::: Record excerpts

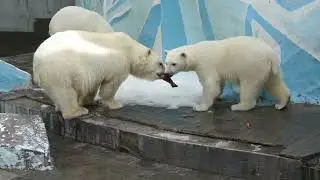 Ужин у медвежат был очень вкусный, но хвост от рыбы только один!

::::::
::: Record excerpts

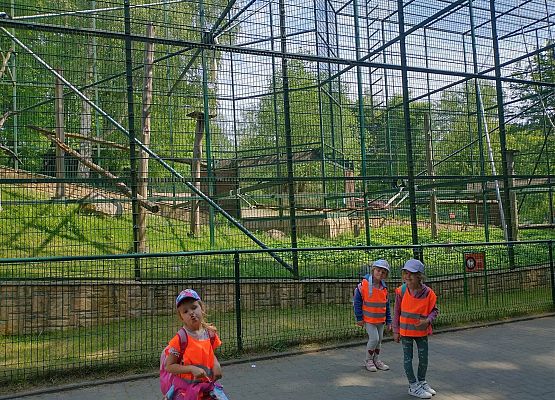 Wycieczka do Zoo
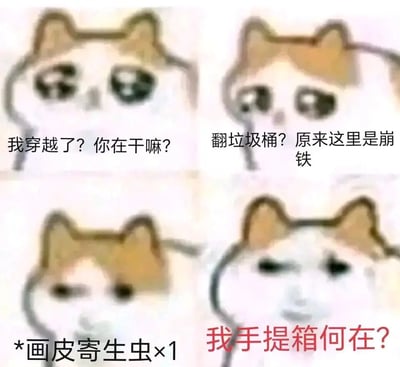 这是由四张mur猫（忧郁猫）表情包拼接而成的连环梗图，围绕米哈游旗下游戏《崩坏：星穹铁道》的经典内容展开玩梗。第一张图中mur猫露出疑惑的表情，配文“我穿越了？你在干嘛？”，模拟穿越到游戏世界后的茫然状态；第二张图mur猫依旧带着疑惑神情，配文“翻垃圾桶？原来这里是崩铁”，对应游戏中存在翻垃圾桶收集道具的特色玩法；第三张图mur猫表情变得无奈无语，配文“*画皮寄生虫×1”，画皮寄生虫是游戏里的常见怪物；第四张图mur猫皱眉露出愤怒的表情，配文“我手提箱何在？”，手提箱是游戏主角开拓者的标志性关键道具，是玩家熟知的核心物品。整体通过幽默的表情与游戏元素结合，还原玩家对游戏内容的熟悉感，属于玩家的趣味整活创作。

::::::

• **Task directions**
The reply should hold exactly the lines above, starting at the line with "Wycieczka do Zoo" and ending at the line with "这是由四张mur猫（忧郁猫）", and no pictures.

• **Answer section**
 Wycieczka do Zoo
 这是由四张mur猫（忧郁猫）表情包拼接而成的连环梗图，围绕米哈游旗下游戏《崩坏：星穹铁道》的经典内容展开玩梗。第一张图中mur猫露出疑惑的表情，配文“我穿越了？你在干嘛？”，模拟穿越到游戏世界后的茫然状态；第二张图mur猫依旧带着疑惑神情，配文“翻垃圾桶？原来这里是崩铁”，对应游戏中存在翻垃圾桶收集道具的特色玩法；第三张图mur猫表情变得无奈无语，配文“*画皮寄生虫×1”，画皮寄生虫是游戏里的常见怪物；第四张图mur猫皱眉露出愤怒的表情，配文“我手提箱何在？”，手提箱是游戏主角开拓者的标志性关键道具，是玩家熟知的核心物品。整体通过幽默的表情与游戏元素结合，还原玩家对游戏内容的熟悉感，属于玩家的趣味整活创作。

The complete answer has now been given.